The only way to make it fair is to change the law to correct the imbalance. In the 2/28, after the initial 2 years of fixed rates, the lender should be free to charge whatever he wants, but the borrower should be free to pay only what he wants.
Thus if the borrower thinks the lender is gouging him by jacking the monthly from $1400 to $1800, then he can punish the lender by paying only, say, $40.
If the lender is seen as predatory, then he risks getting paid only what he collected the first two years and, at worst, may be forced to forgive the entire balance of the loan.
Clearly, it is absurd to consider mortage a contract when the one party is free to decide the terms of the contact after it's signed.
I believe that this idea isn't particularly well targeted at the sub-prime mortgage problem.
The assumption here is that sub-prime loans were profitable because borrowers would be locked into unfavorable terms, and I do not believe that assumption is correct.
I believe that sub-prime loans (or at least the extreme ones) are not profitable to the holder of the loan. They were profitable to the issuer of the loan because that entity would make the loan, collect fees, then sell the loan to another entity before it would be defaulted upon. As it turns out the ultimate someone else was actually a sucker who did not understand what they were buying, vastly overpaid for it, and is now learning of their error.
So a change intended to make loans currently unprofitable for the holder a bit more unprofitable for the holder isn't quite on target.
It may be a good idea to make mortgages more freely payable in general, but to me it does not seem to be a very likely solution to our current problem, or a good way to prevent future similar problems. I don't think one more round of refinancing would have fixed anything. The system seems to have been operating on refinancing fueled by increasing prices for several years already.
More on target would be better debt ratings, requirements that issuers of loans hold those loans, or something else that could inhibit the selling of bad debt to suckers.
As it turns out the ultimate someone else was actually a sucker who did not understand what they were buying, vastly overpaid for it, and is now learning of their error.
I travel a lot and in my downtime I visit tract housing to see what kind of value middle America gets.
In some areas I am shocked at how much value is available for $150-200K. Shocked in the sense that it's too much. This is in some metropolitan areas where the property is tiny, but the homes on the mini-plot can be anywhere from 1700-2400sq ft. Most of these tract developments sprung up in the last 6-8 years.
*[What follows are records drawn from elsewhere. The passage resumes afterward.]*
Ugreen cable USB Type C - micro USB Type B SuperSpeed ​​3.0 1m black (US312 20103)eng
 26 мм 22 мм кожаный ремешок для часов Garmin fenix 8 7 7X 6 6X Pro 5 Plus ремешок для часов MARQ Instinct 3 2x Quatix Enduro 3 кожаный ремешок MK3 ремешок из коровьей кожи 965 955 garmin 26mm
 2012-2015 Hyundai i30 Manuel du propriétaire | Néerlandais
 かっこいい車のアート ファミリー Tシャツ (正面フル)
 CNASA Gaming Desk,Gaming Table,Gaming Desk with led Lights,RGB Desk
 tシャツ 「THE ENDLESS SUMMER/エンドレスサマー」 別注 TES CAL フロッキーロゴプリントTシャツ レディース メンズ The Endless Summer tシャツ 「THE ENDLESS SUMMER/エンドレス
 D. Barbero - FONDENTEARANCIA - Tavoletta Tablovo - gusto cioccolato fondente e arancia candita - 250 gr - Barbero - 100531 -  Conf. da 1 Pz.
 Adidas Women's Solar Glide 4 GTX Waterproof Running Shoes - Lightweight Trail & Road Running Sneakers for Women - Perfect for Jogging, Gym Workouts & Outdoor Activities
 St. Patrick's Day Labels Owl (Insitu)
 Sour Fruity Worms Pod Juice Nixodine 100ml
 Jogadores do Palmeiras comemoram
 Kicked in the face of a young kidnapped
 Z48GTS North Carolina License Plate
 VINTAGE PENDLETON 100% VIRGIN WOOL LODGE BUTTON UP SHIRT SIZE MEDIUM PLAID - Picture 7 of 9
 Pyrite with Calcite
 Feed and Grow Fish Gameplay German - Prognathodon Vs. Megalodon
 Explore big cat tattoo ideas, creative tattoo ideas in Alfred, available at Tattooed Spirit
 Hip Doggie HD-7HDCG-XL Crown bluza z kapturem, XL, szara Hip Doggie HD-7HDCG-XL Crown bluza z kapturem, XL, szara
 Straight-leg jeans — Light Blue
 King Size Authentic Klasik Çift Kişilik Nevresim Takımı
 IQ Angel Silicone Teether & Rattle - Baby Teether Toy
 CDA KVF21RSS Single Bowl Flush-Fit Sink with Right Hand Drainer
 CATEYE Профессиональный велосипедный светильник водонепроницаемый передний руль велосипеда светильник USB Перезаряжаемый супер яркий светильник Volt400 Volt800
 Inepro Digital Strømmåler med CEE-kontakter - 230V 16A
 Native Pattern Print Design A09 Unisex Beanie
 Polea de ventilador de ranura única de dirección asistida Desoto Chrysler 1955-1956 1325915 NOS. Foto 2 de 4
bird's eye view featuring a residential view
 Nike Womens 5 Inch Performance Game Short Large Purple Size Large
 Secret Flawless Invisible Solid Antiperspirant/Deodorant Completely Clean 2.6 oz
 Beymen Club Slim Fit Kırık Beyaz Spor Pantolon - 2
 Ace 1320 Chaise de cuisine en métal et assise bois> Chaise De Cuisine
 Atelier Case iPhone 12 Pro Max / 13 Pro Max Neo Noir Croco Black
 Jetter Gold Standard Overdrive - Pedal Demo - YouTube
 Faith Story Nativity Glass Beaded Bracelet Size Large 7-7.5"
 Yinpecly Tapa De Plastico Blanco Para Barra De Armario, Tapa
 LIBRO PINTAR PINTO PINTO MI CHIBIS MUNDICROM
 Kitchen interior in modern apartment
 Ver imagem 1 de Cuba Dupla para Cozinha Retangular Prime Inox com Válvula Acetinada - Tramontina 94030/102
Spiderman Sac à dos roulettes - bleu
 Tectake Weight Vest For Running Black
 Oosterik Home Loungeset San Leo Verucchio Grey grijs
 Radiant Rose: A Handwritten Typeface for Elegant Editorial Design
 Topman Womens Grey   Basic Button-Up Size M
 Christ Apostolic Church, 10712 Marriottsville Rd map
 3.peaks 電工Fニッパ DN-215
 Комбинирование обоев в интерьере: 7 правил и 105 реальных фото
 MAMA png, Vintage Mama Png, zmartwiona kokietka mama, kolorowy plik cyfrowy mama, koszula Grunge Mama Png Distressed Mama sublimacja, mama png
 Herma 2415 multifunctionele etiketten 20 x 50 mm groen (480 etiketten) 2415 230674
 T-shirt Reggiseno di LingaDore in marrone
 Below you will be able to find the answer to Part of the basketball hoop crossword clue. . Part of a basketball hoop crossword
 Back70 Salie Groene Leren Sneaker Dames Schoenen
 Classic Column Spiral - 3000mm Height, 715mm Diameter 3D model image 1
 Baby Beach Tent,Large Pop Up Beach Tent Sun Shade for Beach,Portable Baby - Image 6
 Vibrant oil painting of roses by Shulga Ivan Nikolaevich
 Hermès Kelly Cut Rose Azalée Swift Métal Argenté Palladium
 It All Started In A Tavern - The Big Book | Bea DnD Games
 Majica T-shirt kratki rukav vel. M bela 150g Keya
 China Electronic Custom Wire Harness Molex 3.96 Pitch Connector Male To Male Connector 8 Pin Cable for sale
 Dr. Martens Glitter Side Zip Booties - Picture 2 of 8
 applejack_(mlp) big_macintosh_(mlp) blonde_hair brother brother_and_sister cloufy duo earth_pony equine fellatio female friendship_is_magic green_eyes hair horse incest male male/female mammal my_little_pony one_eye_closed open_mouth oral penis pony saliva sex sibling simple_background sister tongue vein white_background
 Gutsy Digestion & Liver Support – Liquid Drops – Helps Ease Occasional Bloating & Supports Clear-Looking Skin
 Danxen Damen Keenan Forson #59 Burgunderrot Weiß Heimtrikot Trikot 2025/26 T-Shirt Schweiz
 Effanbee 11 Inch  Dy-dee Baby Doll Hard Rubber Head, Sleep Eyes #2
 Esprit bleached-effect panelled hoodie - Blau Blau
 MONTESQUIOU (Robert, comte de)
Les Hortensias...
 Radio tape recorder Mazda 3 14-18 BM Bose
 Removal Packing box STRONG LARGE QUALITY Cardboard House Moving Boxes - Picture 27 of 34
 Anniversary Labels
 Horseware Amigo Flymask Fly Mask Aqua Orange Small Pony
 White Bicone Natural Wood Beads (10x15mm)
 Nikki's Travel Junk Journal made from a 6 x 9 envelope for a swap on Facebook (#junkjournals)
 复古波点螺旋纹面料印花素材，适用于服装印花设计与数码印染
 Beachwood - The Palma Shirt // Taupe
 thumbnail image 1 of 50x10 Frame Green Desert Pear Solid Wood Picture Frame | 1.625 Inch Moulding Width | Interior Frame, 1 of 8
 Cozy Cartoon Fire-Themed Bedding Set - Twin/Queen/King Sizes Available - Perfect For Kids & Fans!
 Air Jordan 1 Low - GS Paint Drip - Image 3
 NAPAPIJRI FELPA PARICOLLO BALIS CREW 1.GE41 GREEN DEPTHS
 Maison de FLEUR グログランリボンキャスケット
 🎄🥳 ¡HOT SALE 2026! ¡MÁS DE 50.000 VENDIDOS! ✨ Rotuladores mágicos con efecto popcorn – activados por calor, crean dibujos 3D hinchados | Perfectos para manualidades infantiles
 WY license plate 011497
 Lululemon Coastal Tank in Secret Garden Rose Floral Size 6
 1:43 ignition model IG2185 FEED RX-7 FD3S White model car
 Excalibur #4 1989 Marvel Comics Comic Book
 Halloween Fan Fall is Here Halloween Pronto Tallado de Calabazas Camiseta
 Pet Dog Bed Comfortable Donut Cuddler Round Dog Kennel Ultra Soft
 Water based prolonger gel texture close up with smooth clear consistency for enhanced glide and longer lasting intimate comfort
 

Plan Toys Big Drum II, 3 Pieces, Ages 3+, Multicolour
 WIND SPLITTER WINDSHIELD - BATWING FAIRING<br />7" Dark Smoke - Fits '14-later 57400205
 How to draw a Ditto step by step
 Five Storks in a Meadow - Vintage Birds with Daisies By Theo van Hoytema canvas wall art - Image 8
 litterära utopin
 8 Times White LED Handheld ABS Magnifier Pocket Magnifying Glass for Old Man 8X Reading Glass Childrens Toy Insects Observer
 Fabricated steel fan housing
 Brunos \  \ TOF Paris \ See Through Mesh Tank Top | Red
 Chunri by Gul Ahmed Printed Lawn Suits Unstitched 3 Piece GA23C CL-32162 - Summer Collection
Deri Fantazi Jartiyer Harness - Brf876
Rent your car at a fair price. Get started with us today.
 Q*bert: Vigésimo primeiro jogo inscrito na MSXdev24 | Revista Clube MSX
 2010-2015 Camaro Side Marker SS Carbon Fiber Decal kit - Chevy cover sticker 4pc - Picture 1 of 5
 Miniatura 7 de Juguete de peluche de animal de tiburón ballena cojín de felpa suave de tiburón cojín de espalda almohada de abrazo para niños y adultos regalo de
One thing I noted was that many of the people in these tracts really couldn't afford to live there without the teaser rates and it would obviously get bad for everyone once the foreclosures started or once the ARM started raising up. They lived on the edge of their income and depended on the prospect of upward mobility to allow them to live in that style beyond the teaser rates.
When I ask the tract sales staff on the wisdom of a neighborhood full of people living at the limits of their income, they feel it's an elitist question -- who am I to restrict people's ability to get access to the American Dream. And these homes, at least inside, are pretty top of the line in features, appliances and architectural amenities.
For years the view was that working class and low income families didn't get affordable housing or credit. They still didn't, but it was easy enough to appeal to them and make them think that something finally changed for them. It is an error that they made, but a sad one.